Friday, February 20, 2009

The website I stole these from had some bad ones. Which is why I stole the good ones and left the bad ones to rot!! Also they started getting not funny.

If you watch the movie `Jaws' backwards, it's a movie about a shark that keeps throwing up people until they have to open a beach.

If you watch LOST backwards you realize it's the same thing as if you would watch if forward.

If you watch Heroes backwards you realise that it's been getting progressively better over time.

If you watch Friends backwards, Courtney Cox seems to get older somehow. I think it's the hair.

If you watch House backwards, it's still never lupus.

If you watch Rambo backwards, it's Sylvester Stallone healing people with his magical bullet vacuum.

And repairing helicopters with nothing but a bow and arrow.

If you watch Fight Club backwards, you see Ed Norton turn from a crazy streetperson into a successful productive member of society.

If you watch the 1997 version of Episode IV backwards, Greedo shoots first.

If you watch Memento backwards, it makes complete sense.

If you watch the Lord of the Ring trilogy backwards, it's a saga about a little guy who gets a cool ring from a volcano and spends the rest of the films walking home.

If you watch this thread backwards you see it get progressively more funny.

Thursday, February 19, 2009

You know what's weird and kind of messed up? When I turned 16 Rosanne started subtracting 10 years from my age to get my REAL age. It caught on, and when I turned 17 I was 7, when I turned 18 I was 8, and so on. But then when I hit 21 everybody started ADDING about 20 years to my age so now they all say I'm 40! Getting old is the shaft, man.

But I'll be okay as long as I don't get fat and lose my acrobatics/coordination. =P

Sunday, February 15, 2009

Coraline is one of the best looking stop motion films I've seen. It was so beautiful.

Saturday, February 14, 2009

Today was weird. I went into work and there were already people there eating. The first odd thing I noticed was a heart on the board in the advertisement for the drink special. A mocha or something. I thought it was odd because hearts usually represent healthy stuff or something like on Oatmeal containers, and mom doesn't usually use them. I ignored it.
The next odd thing I noticed was that mom was wearing a heart necktie that day. I didn't put the two hearts together, I just thought it was funny that she was wearing a tie. (she'd just bought a bag of ties recently for...some reason. She's mom.)
Later I noticed that mom was giving away brownies to the customers for free. It was odd but I assumed she was just sampling them for feedback or something?
The next odd thing was that we were SERIOUSLY BUSY!! Mom finally had to call Megan in to help, 'cause we were packed for hours and the rush wasn't slowing. I was like, "Man, what a weird day this is! Did people just get their paychecks or something??"

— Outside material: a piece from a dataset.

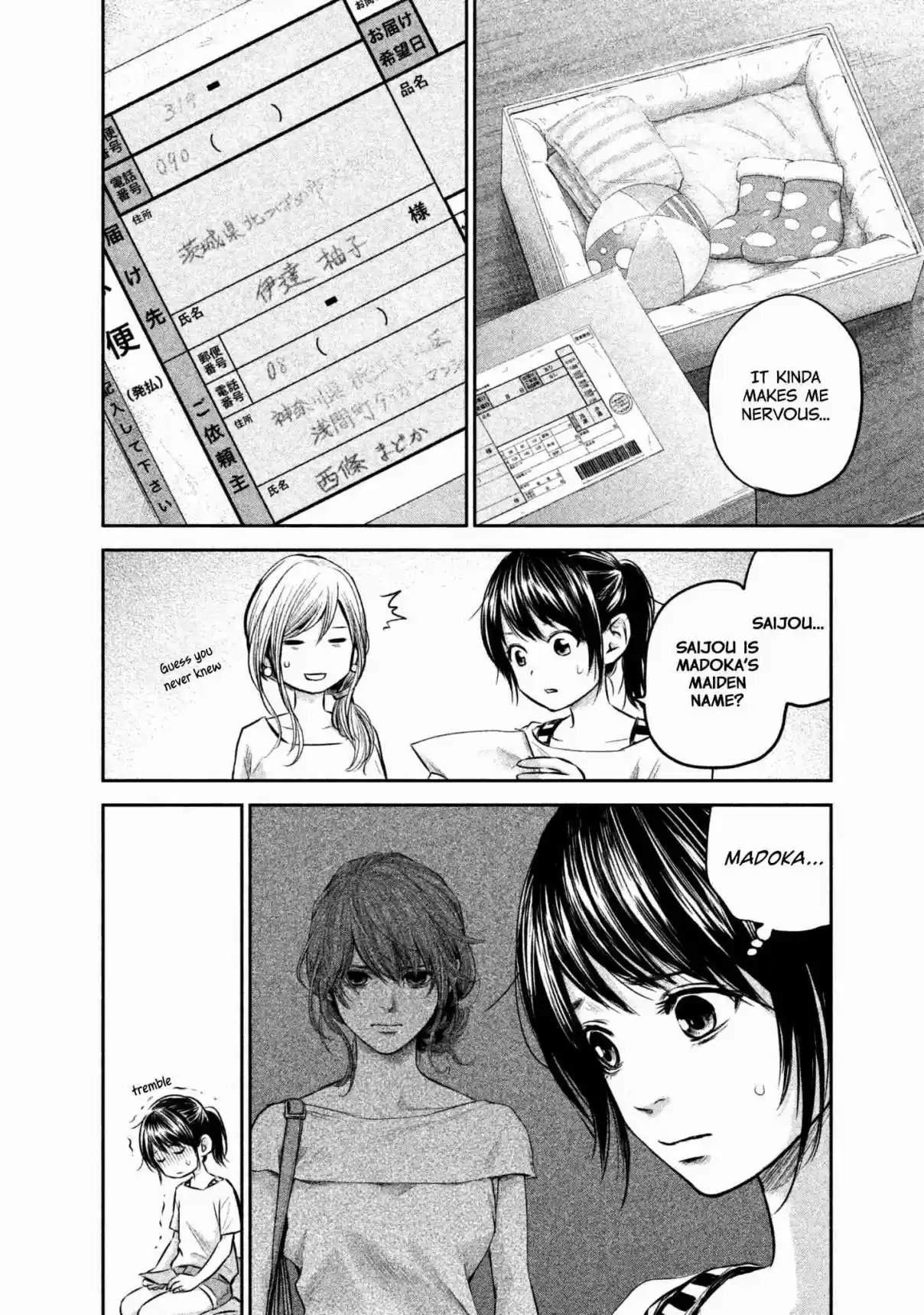 Hare kon. Vol. 16 Ch. 150 Indulgent Woman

Finally mom said something about it being Valentines Day and I was like, "It's Valentintes Day!!" and they were like, "...yeeeaaah." and slowly but surely as I looked around the room, things started fading into the picture--the hearts, the free brownies, the attire, the tons of people (mostly couples), everything started to make sense!

It was weird, man.
P.S. The stupid thing is I've known all week that Valentines Day was coming up and I still forgot. =\

Friday, February 13, 2009

To see what kind of video my camera makes, I recorded this cover for Thrice's "A Song For Milly Michaelson"

Thursday, February 05, 2009

Since I know none of you can get enough Decaying Lawn, there are some things on our purevolume that YOU PROBABLY HAVEN'T HEARD YET!!

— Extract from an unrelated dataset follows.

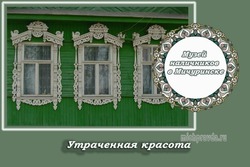 На ярмарочной площади Мичуринска развернётся музей деревянных наличников 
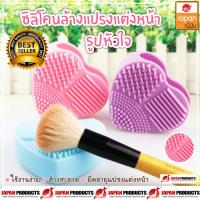 CNgroup ซิลิโคน ล้างแปรงแต่งหน้า ที่ล้างแปรงแต่งหน้า ทําความสะอาดแปรงแต่งหน้า Brush  รุ่น NANA-055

Listen to it at your own risk.
http://www.purevolume.com/decayinglawn

Tuesday, February 03, 2009

I KNEW it! =D

What Decade Do You Belong In?

Result: The 1950's

You've got old fashioned tastes that best belong way, way back in time, when men were men, women were women and most dinners came with a side of Jell-O.

Don't worry - you don't need a time machine to experience the '50's. You just need a poodle skirt, a record player and some cool daddy-o's to hang with. Have fun!


What Animal Are You?

Result: Llama

A lot of people don't realize this, but llamas are the coolest animals on the planet. They are totally laid back, they have stylish hairdo's, and they've got good attitudes towards all creatures, big and small. They're like the "awesome next door neighbors" of the animal kingdom.

You're a llama! Be happy, be proud. Then go out and spread the word that there's nothing cooler than a llama. The world has got to know the truth.


What Kind of Girlfriend Are You?

Result: Laid Back

You're so relaxed about relationships, we're not sure if we know when you're even in one.

Your attitude about boyfriends is: I'll get to you when I get a chance. You've got other stuff going on in your life that you treat as more important than relationship stuff, and your priorities aren't gonna change any time soon.

Your "come and get me...or whatever" attitude has the potential to make guys swoon over you. So keep it up! But don't forget to express interest (we mean, when you actually have an interest). If you act too cool, you might miss your chance to get to know someone really special.